I have a dataframe which Im loading from a csv file and then setting the index to few of its columns (usually two or three) by the set_index
method. The idea is to
Its not really clear what you are asking. Multi-index docs are here
The OP needs to set the index, then sort in place
df.set_index(['fileName','phrase'],inplace=True)
df.sortlevel(inplace=True)
Then access these levels via a tuple to get a specific result
df.ix[('somePath','somePhrase')]
Maybe just give a toy example like this and show I want to get a specific result.
In [1]: arrays = [np.array(['bar', 'bar', 'baz', 'baz', 'foo', 'foo', 'qux', 'qux'])
...: .....: ,
...: .....: np.array(['one', 'two', 'one', 'two', 'one', 'two', 'one', 'two'])
...: .....: ]
In [2]: df = DataFrame(randn(8, 4), index=arrays)
In [3]: df
Out[3]:
0 1 2 3
bar one 1.654436 0.184326 -2.337694 0.625120
two 0.308995 1.219156 -0.906315 1.555925
baz one -0.180826 -1.951569 1.617950 -1.401658
two 0.399151 -1.305852 1.530370 -0.132802
foo one 1.097562 0.097126 0.387418 0.106769
two 0.465681 0.270120 -0.387639 -0.142705
qux one -0.656487 -0.154881 0.495044 -1.380583
two 0.274045 -0.070566 1.274355 1.172247
In [4]: df.index.lexsort_depth
Out[4]: 2
In [5]: df.ix[('foo','one')]
Out[5]:
0 1.097562
1 0.097126
2 0.387418
3 0.106769
Name: (foo, one), dtype: float64
In [6]: df.ix['foo']
Out[6]:
0 1 2 3
one 1.097562 0.097126 0.387418 0.106769
two 0.465681 0.270120 -0.387639 -0.142705
In [7]: df.ix[['foo']]
Out[7]:
0 1 2 3
foo one 1.097562 0.097126 0.387418 0.106769
two 0.465681 0.270120 -0.387639 -0.142705
In [8]: df.sortlevel(level=1)
Out[8]:
0 1 2 3
bar one 1.654436 0.184326 -2.337694 0.625120
baz one -0.180826 -1.951569 1.617950 -1.401658
foo one 1.097562 0.097126 0.387418 0.106769
qux one -0.656487 -0.154881 0.495044 -1.380583
bar two 0.308995 1.219156 -0.906315 1.555925
baz two 0.399151 -1.305852 1.530370 -0.132802
foo two 0.465681 0.270120 -0.387639 -0.142705
qux two 0.274045 -0.070566 1.274355 1.172247
In [10]: df.sortlevel(level=1).index.lexsort_depth
Out[10]: 0
Pandas provides:
d = d.sort_index()
print d.index.is_lexsorted() # Sometimes true
which will do what you want in most cases. However, always sort the index, but may be leave it 'lexsorted' (for example, if you have NANs in the index), which generates a PerformanceWarning.
To avoid this:
d = d.sort_index(level=d.index.names)
print d.index.is_lexsorted() # true
... though why there's a difference doesn't seem to be documented.

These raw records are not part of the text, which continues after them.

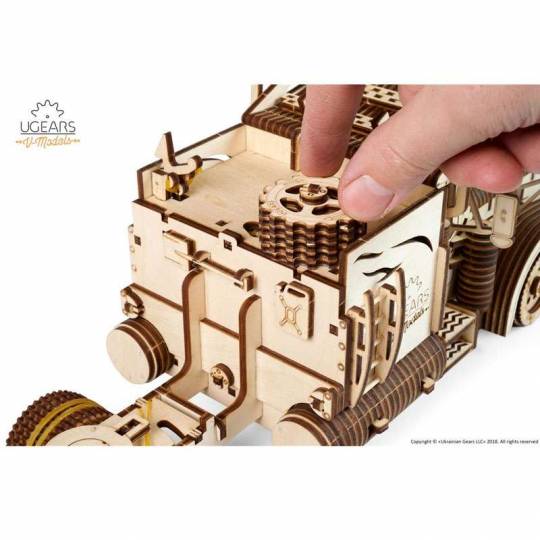 Poids-Lourd VM-03 - Puzzle 3d Mécanique en bois UGEARS - 3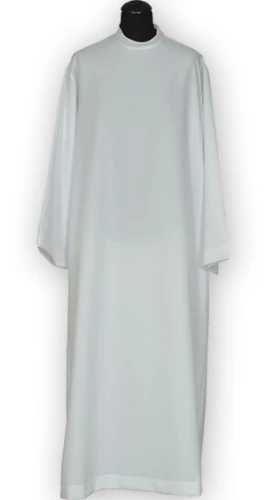 Aube en crêpe, fermeture éclair sur le côté. (id: 41)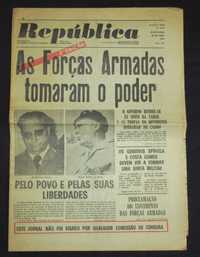 Jornal República 25 de Abril 1974 2ª edição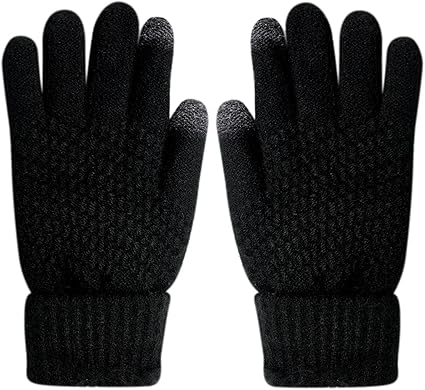 Amazon Com Glove Us Knitted Touch Screen Gloves Warm Winter Thick Mittens Texting Unisex For Iphone Smart Phones Laptop Tablet Clothing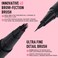 SUSIKEKI Dual Ended Microblading Eyebrow Pen 2 in 1 Liquid Eyebrow Pencil with BrowFection Angled Brush Precise Detail BrushTip Shapes Fills Natural Looking Brows Lasts AllDay Brown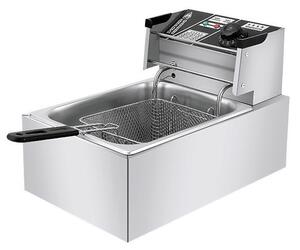 6 literes elektromos fritőz,olajsütő - 2500W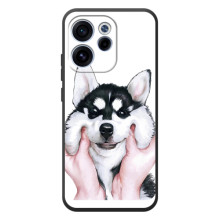 Бампер для OPPO Reno 15 FS з картинкою "Песики" (Собака Хаскі)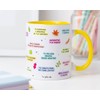 The Yellow Clip - Taza Afirmaciones Positivas Diarias, En Español,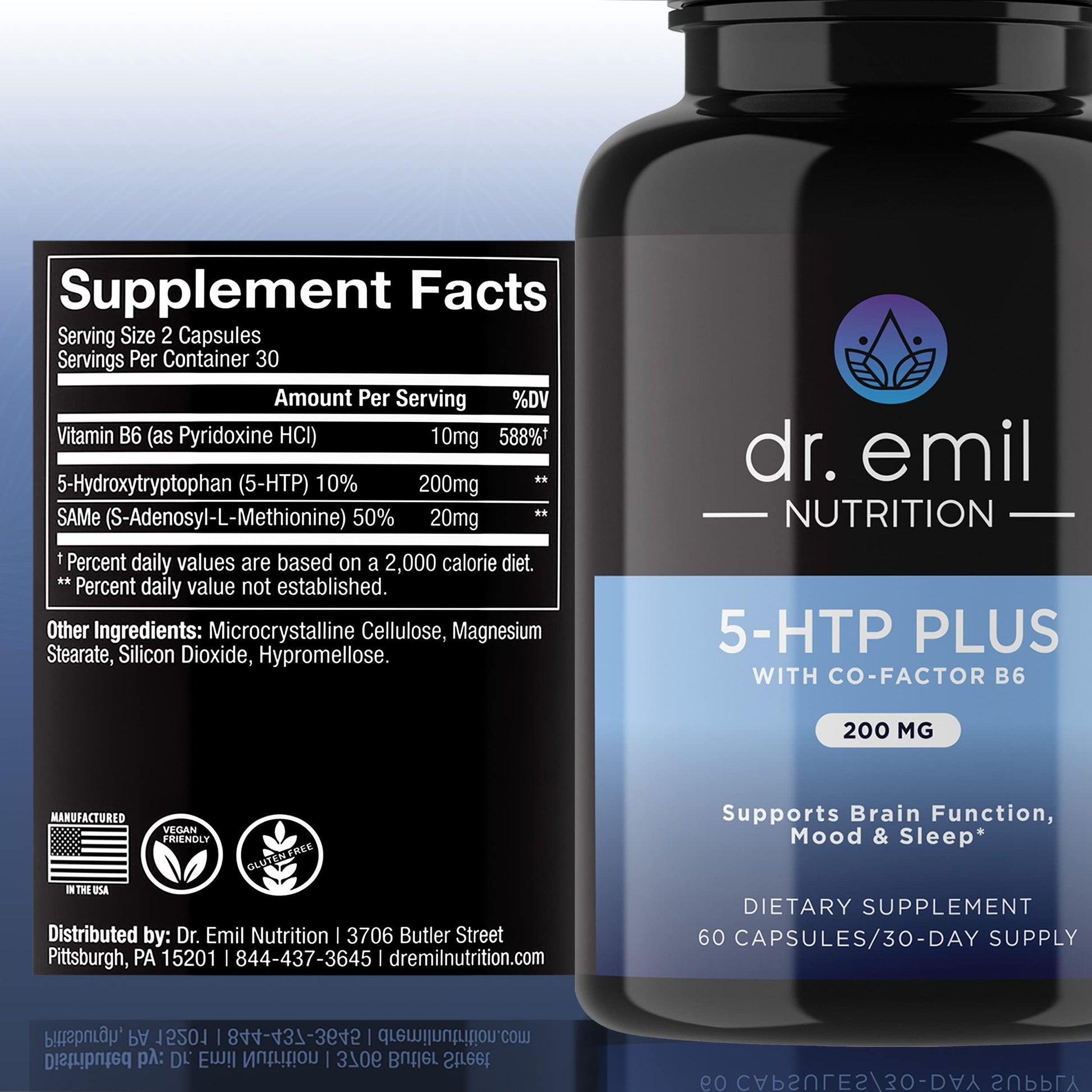 DR EMIL NUTRITION 200 MG 5-HTP Plus with SAM-e to Maintain Normal Healthy Sleep DR EMIL NUTRITION Au supplements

I realize some time has passed but I seem to have had the same problem as @idoda did, with the accepted answer not working on MultiIndex dataframes when the dataframes may have multiple indexes on both the columns and index. The trick, not currently shown here, is that there is an "axis" option which defaults to zero but can also be set to 1.
For example if you try:
df.sortlevel(inplace=True,sort_remaining=True)

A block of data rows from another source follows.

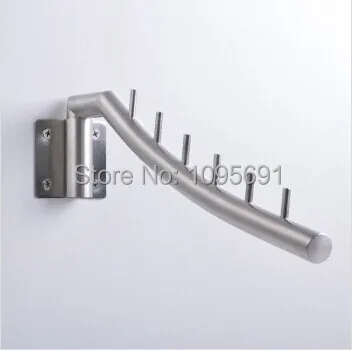 Бесплатная доставка регулируемая 304 нержавеющая сталь вешалка для одежды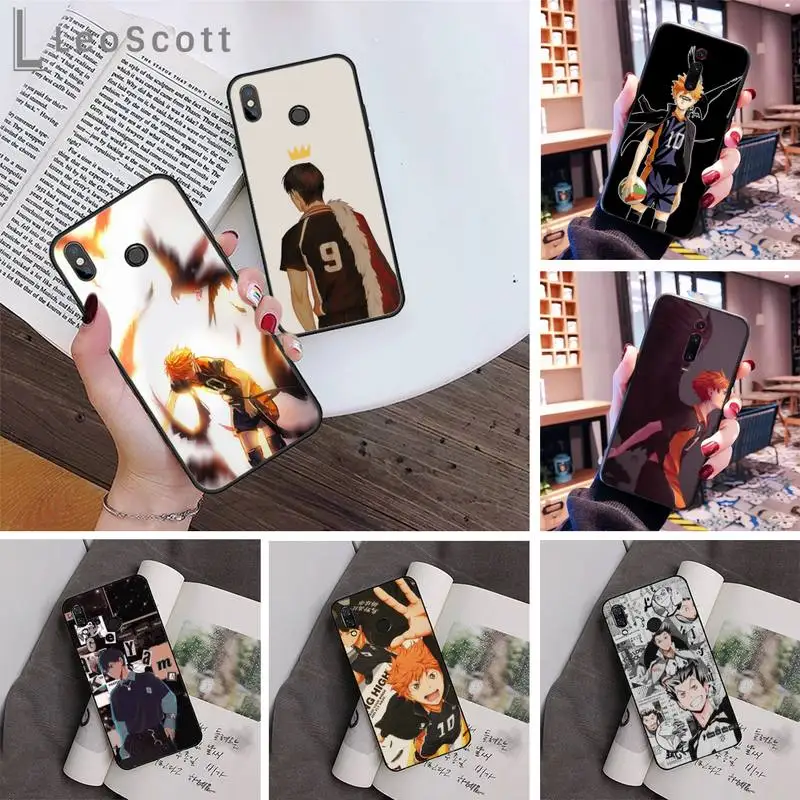 

Anime Haikyuu Hinata Attacks cool Phone Case For Xiaomi Redmi Note 4 4x 5 6 7 8 pro S2 PLUS 6A PRO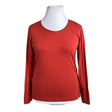 Unisex Cream - Tricot shirt, size 44 - Red ()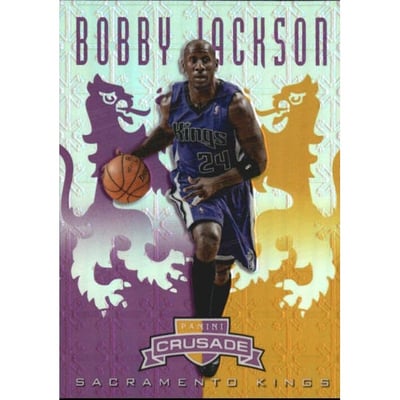 2012-13 Panini Crusade Insert Purple #120 Bobby Jackson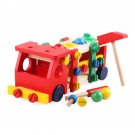 DIY Educational Toys Kids Exercise Practical Wooden IQ Game Car Assemble Building Gift Training Brai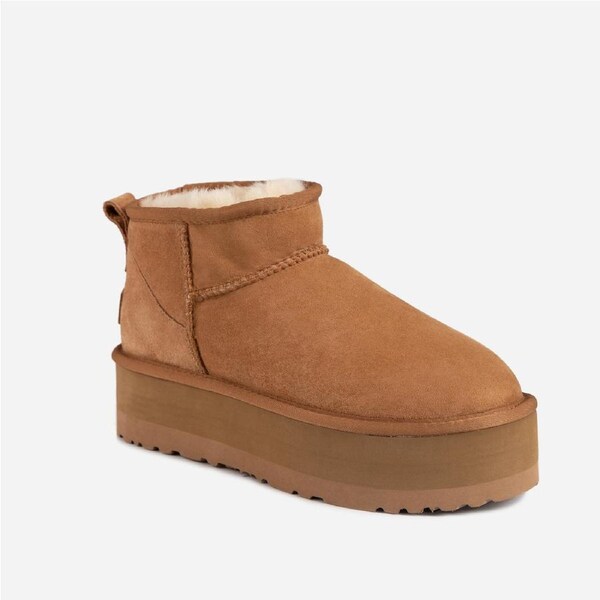 Ugg Classic Platform Ultra Mini Boots (5cm) EU40 / AU10L / 255mm / CHESTNUT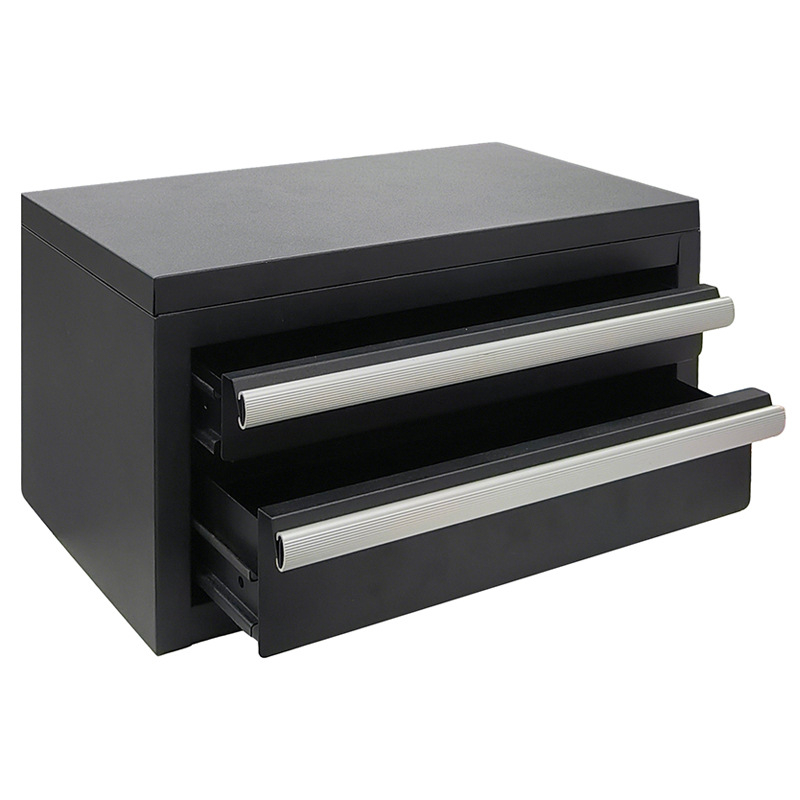 XR-151 Metalo įrankių dėžė — Dviejų stalčių kosmetikos ir laikymo dėžė, vienos sluoksnio sustiprinta metalinė konstrukcija, nešiojama namų saugykla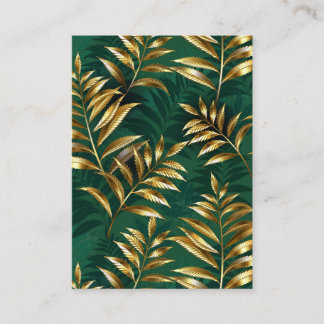 Seamless pattern with golden ferns begleitkarte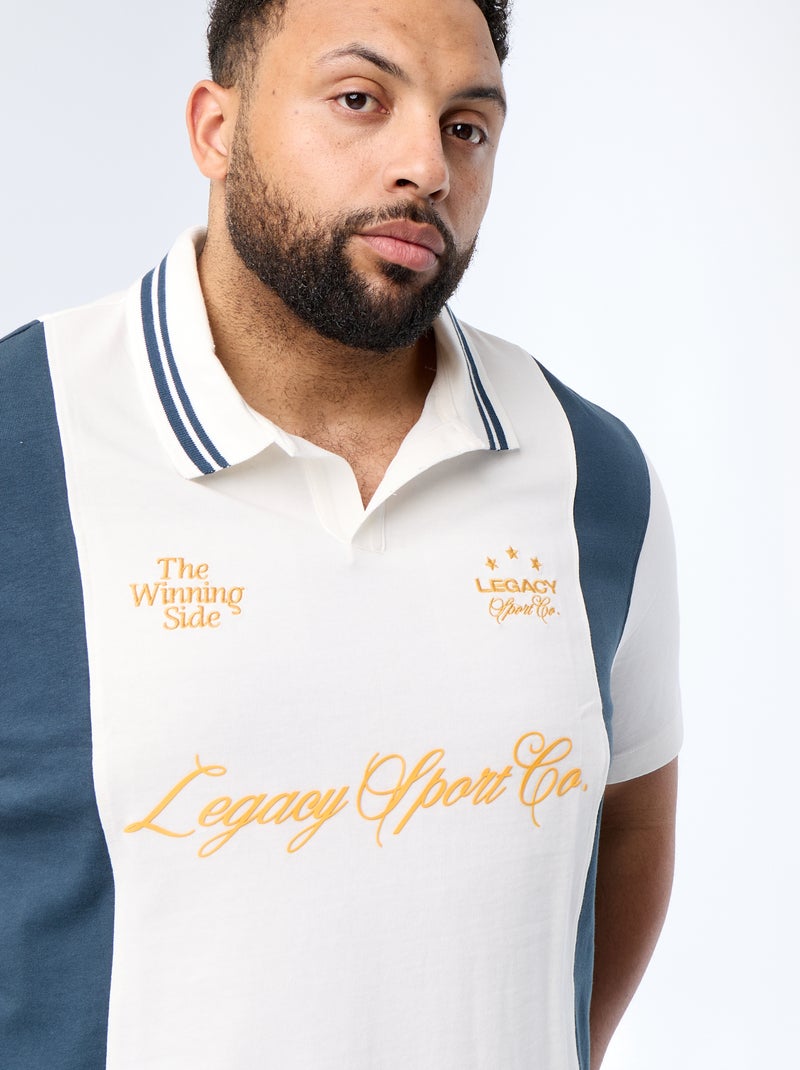 Polo de jérsei estampado Bege - Kiabi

And are still getting lexsort errors it may be relevant to know that their is a default "axis=0" kwarg in there. Thus you can also try adding
df.sortlevel(axis=1,inplace=True,sort_remaining=True)
Which should sort the other direction. If you don't want to think about it, you can just brute force it with:
df.sortlevel(axis=0,inplace=True,sort_remaining=True)
df.sortlevel(axis=1,inplace=True,sort_remaining=True)
That should fully sort both columns and row indexes at all levels. I had the same problem here and couldn't get a full lexsort with the suggested answer but a bit of research showed that even with "sort_remaining" True the sortlevel applies to only a single axis. These snippets are the solution to that which appear to be the current pythonic native answer. Hope somebody finds it helpful!